The combination of 676/675 and 1216/1215 also implies yet another essential tempering comma of 1521/1520.
Subgroup: 2.3.13/5.19/5
Comma list: 676/675 = [2 -3 2⟩, 1216/1215 = [6 -5 0 1⟩
Sval mapping: [⟨1 0 -1 -7], ⟨0 2 3 10]]
Optimal tuning (subgroup POTE): ~2 = 1\1, ~15/13 = 248.868
Badness: ?
Tobago
Tobago uses the semioctave period. It can be described as the 10 & 14 temperament and is related to neutral and barbados.
Subgroup: 2.3.11.13/5
Comma list: 243/242 = [-1 5 -2⟩, 676/675 = [2 -3 0 2⟩
Sval mapping: [⟨2 0 -1 -2], ⟨0 2 5 3]]
Gencom mapping: [⟨2 4 -2 0 9 2], ⟨0 -2 3/2 0 -5 -3/2]]
- gencom: [55/39 15/13; 243/242 676/675]
Optimal tuning (subgroup POTE): ~2 = 1\1, ~15/13 = 249.312
RMS error: 0.3533 cents
Cata
Cata may be viewed as the "reduction" of catakleismic to the 2.3.5.13 subgroup. Another way to put it is that it is the rank-2 2.3.5.13 subgroup temperament tempering out 325/324, 625/624 and hence also 676/675.
Subgroup: 2.3.5.13
Comma list: 325/324, 625/624
Sval mapping: [⟨1 0 1 0], ⟨0 6 5 14]]
Optimal tuning (POTE): ~2 = 1\1, ~6/5 = 317.076
Badness: 0.394
Taylor
Taylor is the "reduction" of hemischis to the 2.3.5.13 subgroup, tempering out the schisma in addition to 676/675. It can be reasonably extended to the 2.3.5.13.19 subgroup like all schismic temperaments, dubbed dakota (not to be confused with dakotismic and/or dakotic).
Subgroup: 2.3.5.13
Comma list: 676/675, 32805/32768
Sval mapping: [⟨1 0 15 14], ⟨0 2 -16 -13]]
Optimal tuning (CTE): ~2 = 1\1, ~26/15 = 950.8331
Badness: 0.0100
Dakota
Subgroup: 2.3.5.13.19
Comma list: 361/360, 513/512, 676/675
Sval mapping: [⟨1 0 15 14 9], ⟨0 2 -16 -13 -6]]

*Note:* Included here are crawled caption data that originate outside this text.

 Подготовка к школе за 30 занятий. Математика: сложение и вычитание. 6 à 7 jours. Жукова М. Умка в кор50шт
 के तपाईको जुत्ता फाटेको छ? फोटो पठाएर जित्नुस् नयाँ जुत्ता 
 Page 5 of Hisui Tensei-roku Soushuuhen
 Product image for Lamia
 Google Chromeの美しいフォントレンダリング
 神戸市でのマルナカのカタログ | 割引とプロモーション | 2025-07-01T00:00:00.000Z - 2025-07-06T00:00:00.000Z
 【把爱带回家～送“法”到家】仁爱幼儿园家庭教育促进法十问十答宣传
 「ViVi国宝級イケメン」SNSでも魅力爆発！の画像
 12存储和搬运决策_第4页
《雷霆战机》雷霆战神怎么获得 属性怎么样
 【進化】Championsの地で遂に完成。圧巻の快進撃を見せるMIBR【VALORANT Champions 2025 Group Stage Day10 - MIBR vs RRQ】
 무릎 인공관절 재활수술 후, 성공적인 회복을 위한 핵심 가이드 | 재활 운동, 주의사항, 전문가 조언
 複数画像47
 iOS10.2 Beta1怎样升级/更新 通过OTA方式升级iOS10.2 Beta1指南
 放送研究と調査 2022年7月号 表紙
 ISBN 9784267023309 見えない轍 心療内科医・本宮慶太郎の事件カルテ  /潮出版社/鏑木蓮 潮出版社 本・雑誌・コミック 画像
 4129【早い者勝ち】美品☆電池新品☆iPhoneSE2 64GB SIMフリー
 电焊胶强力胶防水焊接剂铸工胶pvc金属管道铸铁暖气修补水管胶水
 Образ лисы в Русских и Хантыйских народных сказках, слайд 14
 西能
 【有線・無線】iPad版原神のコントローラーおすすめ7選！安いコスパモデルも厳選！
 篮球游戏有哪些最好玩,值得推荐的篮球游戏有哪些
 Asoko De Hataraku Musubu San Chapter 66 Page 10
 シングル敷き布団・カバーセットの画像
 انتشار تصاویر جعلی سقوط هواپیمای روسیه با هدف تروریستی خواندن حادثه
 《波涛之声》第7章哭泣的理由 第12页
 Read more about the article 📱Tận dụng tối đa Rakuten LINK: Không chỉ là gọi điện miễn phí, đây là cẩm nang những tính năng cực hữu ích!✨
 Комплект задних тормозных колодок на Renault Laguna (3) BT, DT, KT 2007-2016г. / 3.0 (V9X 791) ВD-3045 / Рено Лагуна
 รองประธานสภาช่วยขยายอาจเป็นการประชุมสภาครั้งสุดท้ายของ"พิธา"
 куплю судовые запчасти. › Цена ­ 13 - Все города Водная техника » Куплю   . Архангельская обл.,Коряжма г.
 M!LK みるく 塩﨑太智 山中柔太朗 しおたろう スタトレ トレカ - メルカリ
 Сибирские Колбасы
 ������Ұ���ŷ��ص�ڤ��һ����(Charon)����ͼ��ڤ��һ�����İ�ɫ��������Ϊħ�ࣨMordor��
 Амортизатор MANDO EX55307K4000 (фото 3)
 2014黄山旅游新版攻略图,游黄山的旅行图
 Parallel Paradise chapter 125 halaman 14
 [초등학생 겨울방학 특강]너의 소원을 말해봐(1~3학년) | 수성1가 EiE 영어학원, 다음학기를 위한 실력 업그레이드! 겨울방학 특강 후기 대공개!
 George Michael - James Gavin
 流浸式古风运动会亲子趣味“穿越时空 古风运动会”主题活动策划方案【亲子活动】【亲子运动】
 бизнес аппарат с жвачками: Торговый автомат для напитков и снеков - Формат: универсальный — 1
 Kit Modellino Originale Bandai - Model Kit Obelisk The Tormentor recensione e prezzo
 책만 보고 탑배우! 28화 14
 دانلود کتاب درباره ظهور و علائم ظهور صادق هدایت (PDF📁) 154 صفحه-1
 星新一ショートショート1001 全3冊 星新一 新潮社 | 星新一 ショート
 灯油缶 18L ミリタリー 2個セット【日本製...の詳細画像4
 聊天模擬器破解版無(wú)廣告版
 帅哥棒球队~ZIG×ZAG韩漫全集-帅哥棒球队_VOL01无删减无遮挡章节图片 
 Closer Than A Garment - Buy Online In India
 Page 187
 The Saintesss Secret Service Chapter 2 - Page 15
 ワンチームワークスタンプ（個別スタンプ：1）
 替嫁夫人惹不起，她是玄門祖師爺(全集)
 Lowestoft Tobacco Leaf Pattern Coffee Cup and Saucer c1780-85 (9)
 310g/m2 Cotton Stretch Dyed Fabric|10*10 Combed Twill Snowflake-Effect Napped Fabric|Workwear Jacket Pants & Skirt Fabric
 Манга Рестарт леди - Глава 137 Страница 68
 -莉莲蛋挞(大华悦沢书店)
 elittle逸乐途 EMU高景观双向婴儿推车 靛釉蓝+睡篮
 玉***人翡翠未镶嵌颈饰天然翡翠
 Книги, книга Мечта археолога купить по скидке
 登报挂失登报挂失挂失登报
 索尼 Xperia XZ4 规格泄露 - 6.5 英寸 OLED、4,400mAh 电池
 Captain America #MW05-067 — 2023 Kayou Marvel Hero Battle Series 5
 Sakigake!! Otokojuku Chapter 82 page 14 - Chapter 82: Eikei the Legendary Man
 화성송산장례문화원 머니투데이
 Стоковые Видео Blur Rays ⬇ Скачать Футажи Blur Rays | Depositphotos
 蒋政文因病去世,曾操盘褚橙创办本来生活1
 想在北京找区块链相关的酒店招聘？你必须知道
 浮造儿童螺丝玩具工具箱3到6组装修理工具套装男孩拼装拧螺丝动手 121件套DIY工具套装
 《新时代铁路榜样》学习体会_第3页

Optimal tuning (CTE): ~2 = 1\1, ~26/15 = 950.8199
Badness: 0.00575
Parizekmic
Closely related to barbados temperament is parizekmic, the rank-3 2.3.5.13 subgroup temperament tempering out 676/675. This is generated by ~2, ~5, and ~15/13, where the minimax tuning makes 2 and 5 pure, and 15/13 sharp by sqrt (676/675), or 1.28145 cents. This is, in other words, the same sqrt (4/3) generator as the minimax tuning for barbados, and it gives parizekmic a just 5-limit, with barbados triads where the 13/10 is a cent flat.
Subgroup: 2.3.5.13
Comma list: 676/675
Sval mapping: [⟨1 0 0 -1], ⟨0 2 0 3], ⟨0 0 1 1]]
Badness: 0.00811 × 10-3
- Music
- Petr's Pump, a comma pump based ditty in Parizekmic temperament.